In the present case, it is unfortunate that we no longer have officials in Mauritius of a sufficiently high calibre who master the consequences of inaction on their part when it comes to sensitive issues of the sort. A public servant in charge of the dossier should have reconciled differences between the two institutions, with each one sticking to its brief without stirring up a hornets’ nest in public. In that case, the leader of the Opposition would not have had the opportunity to suggest that freedom of access to information was somehow being debarred. Others would not have come out asking for the sensitive information being declassified wholesale.
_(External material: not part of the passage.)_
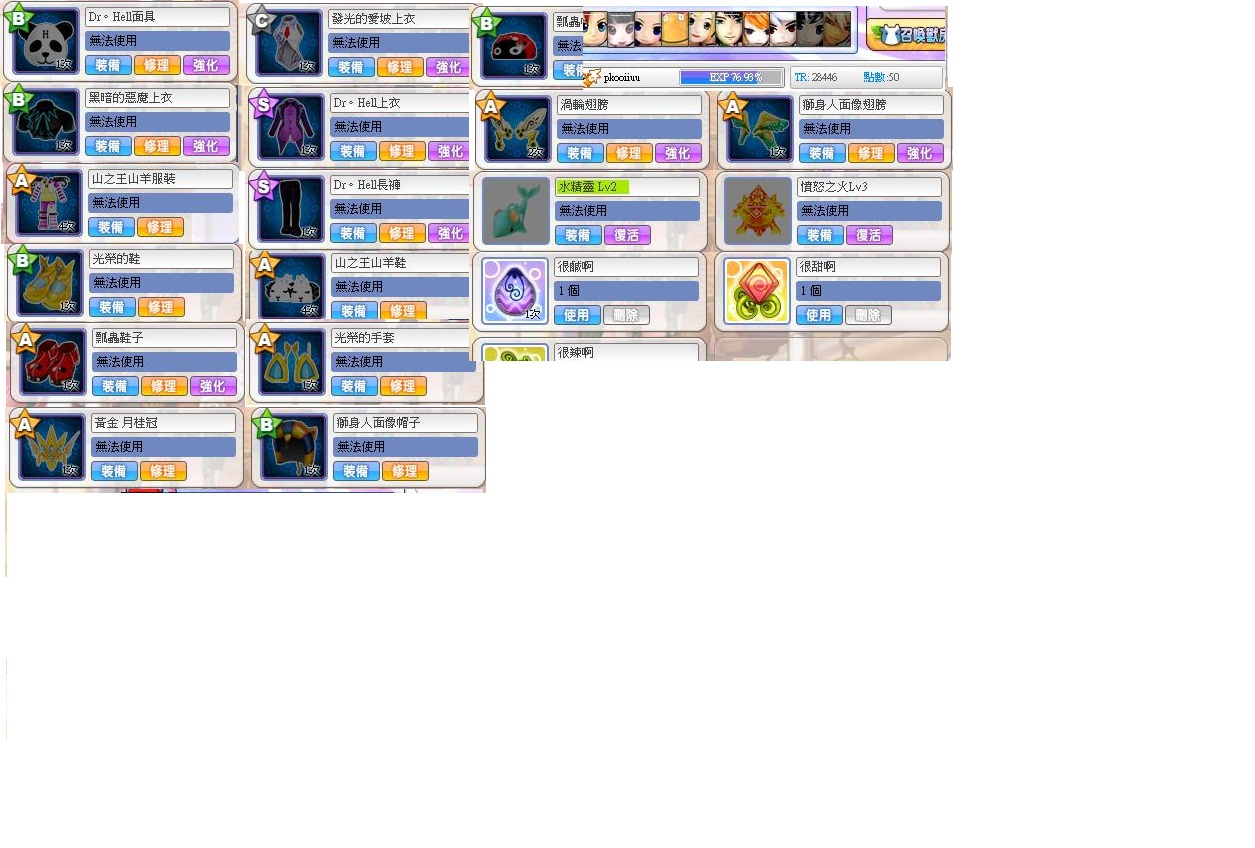 @@@.jpg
If the American government is getting ready to bring to trial the founder of WikiLeaks for disclosing information that was de-classifiable with time, in any case, what is it that warrants ventilating in public highly private information belonging historically to specific families in the case of Mauritius?  

The fact is that politics has always thrived in Mauritius by creating grey areas. It likes to give the impression that someone somewhere is masking the truth. Its predilection is to let the people guess that someone would be taking undue advantage by making some vague insinuations about “hidden facts”. When persons entrusted with public duties facilitate this process by going public to sort out their differences, the impression is created that some in the corridors of power would be manipulating the strings to avoid getting embarrassing facts into the public.  

The media associated with this brand of doing politics is quick to jump on the opportunity to drive the wedge where it is likely to hurt the most. This is what we are seeing: an attempt to accentuate differences that have been fading away anyway except for the essential cultural content, with social transformation under globalisation. It is the best strategy the manipulators have found to keep society fractured to a past mode to suit the politics of divide and rule. All those who have given in to this policy have been losers. These events prove that Mauritius has to be led out of the emotional trap of variegated micro-level belongings into which it is drawn from time to time, not least when elections are at the doorstep. At this moment, elections are far off but does it cost anything to keep up the tempo of artificial differentiation? Not so, it appears, as the specific media coverage of the CJV/MGI incident displays quite clearly.